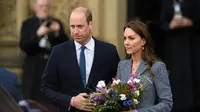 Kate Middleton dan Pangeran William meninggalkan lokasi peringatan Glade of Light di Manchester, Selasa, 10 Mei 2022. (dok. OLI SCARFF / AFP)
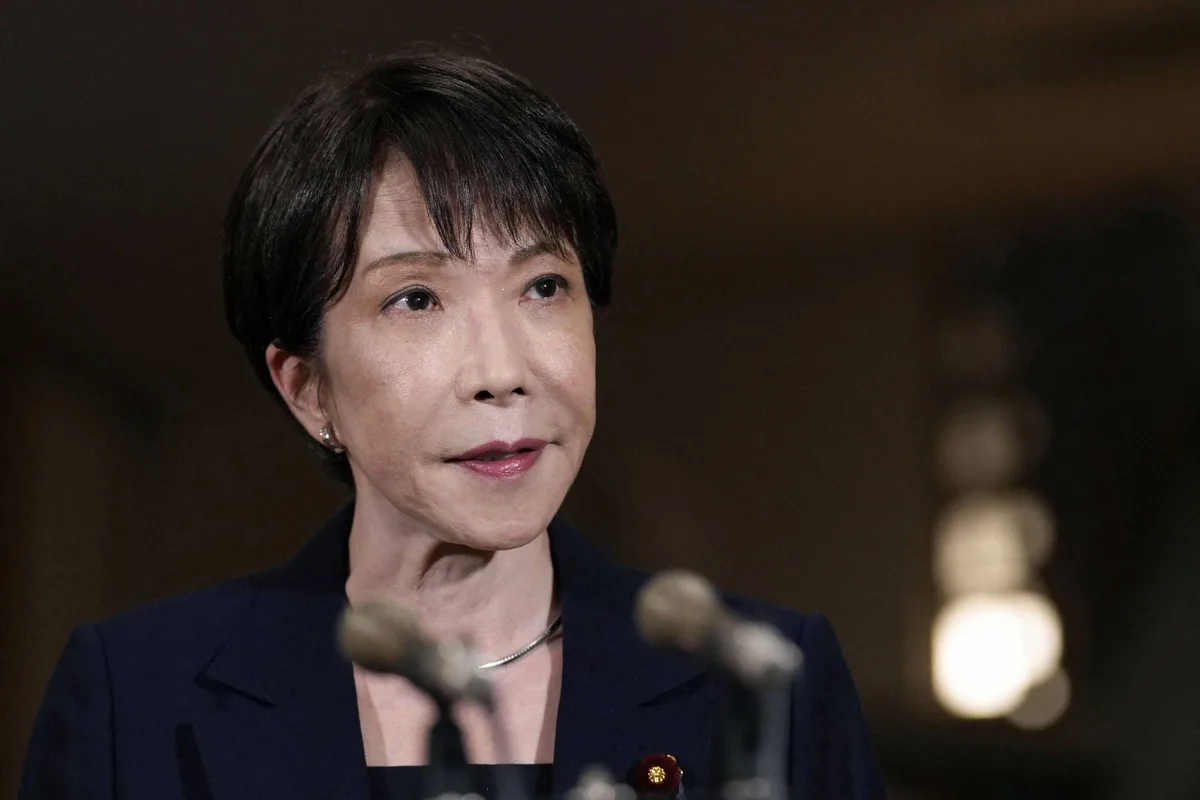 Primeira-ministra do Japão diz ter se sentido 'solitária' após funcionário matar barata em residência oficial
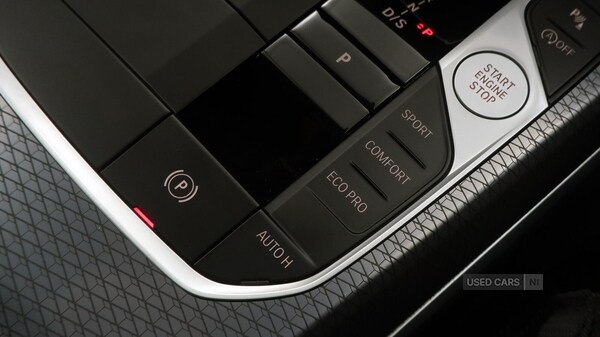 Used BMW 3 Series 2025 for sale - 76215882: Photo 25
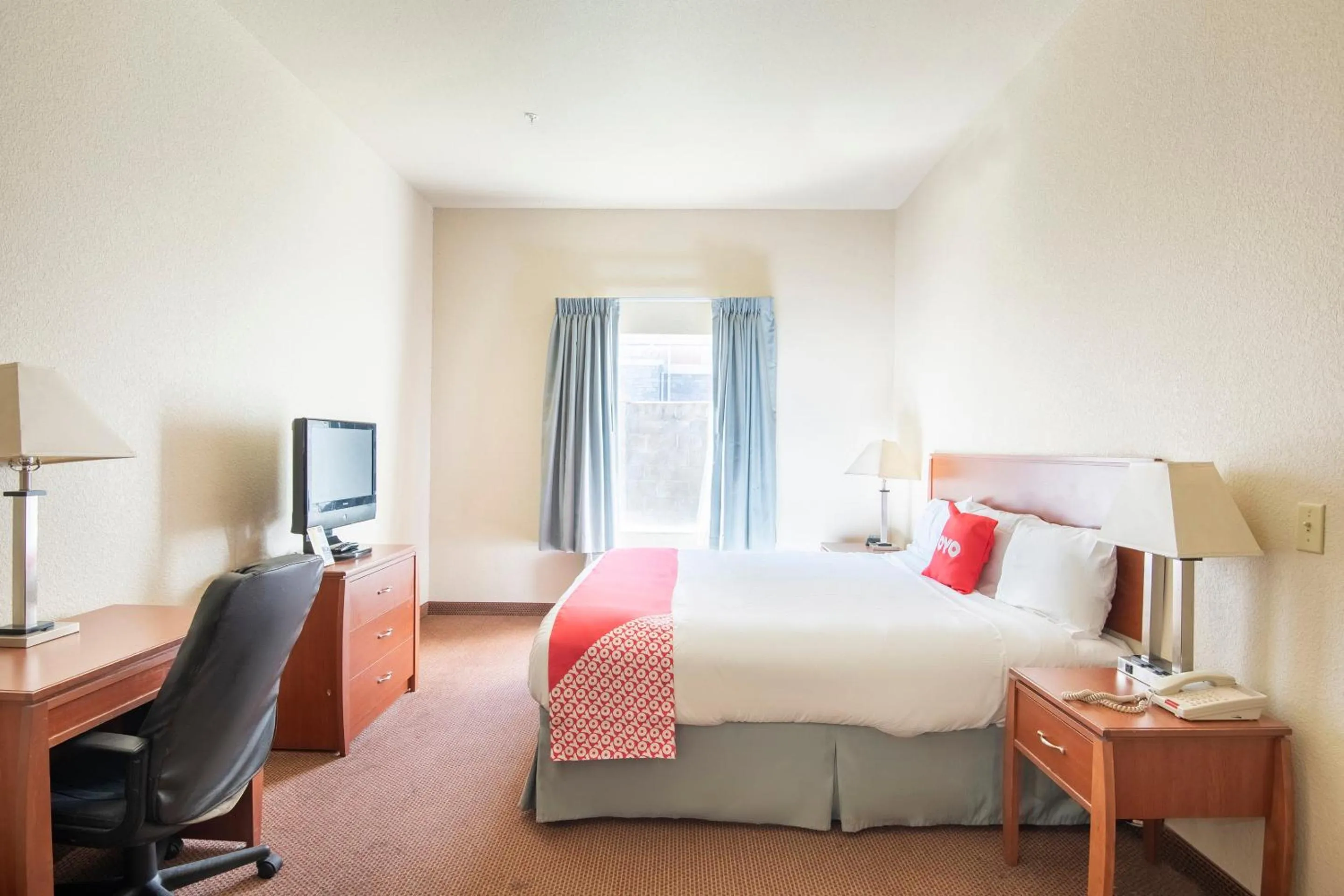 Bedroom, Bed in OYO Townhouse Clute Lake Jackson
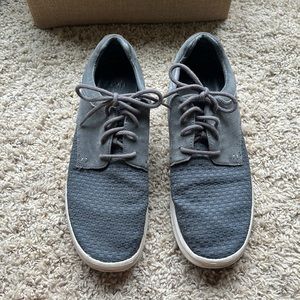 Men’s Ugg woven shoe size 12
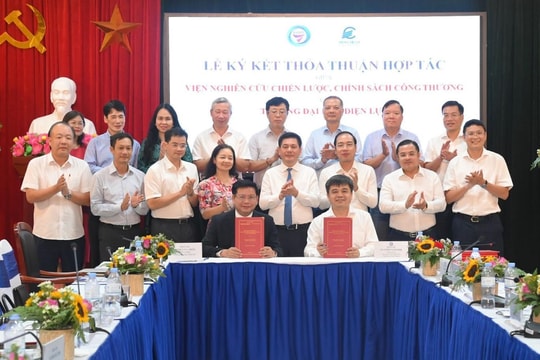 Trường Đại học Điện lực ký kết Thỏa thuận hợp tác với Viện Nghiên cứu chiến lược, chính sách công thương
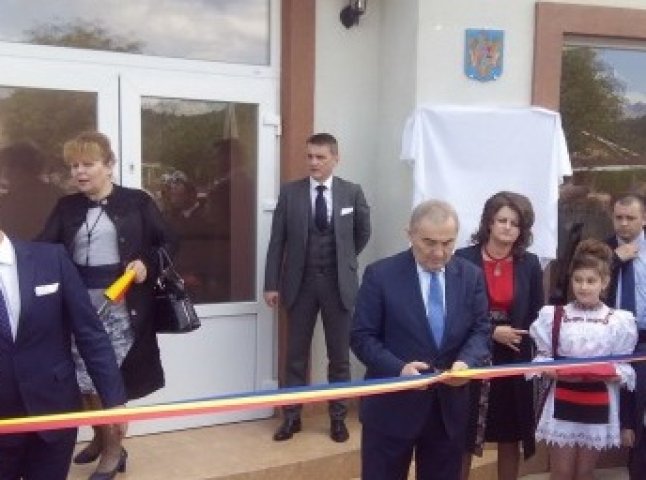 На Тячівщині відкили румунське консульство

++++++++++

> [Task objective]: All lines from the one holding "Men’s Ugg woven shoe size 12" through the last line of the records need to be copied exactly, both ends included, and the pictures left behind.

> [Answer space]:
 Men’s Ugg woven shoe size 12
 Trường Đại học Điện lực ký kết Thỏa thuận hợp tác với Viện Nghiên cứu chiến lược, chính sách công thương
 На Тячівщині відкили румунське консульство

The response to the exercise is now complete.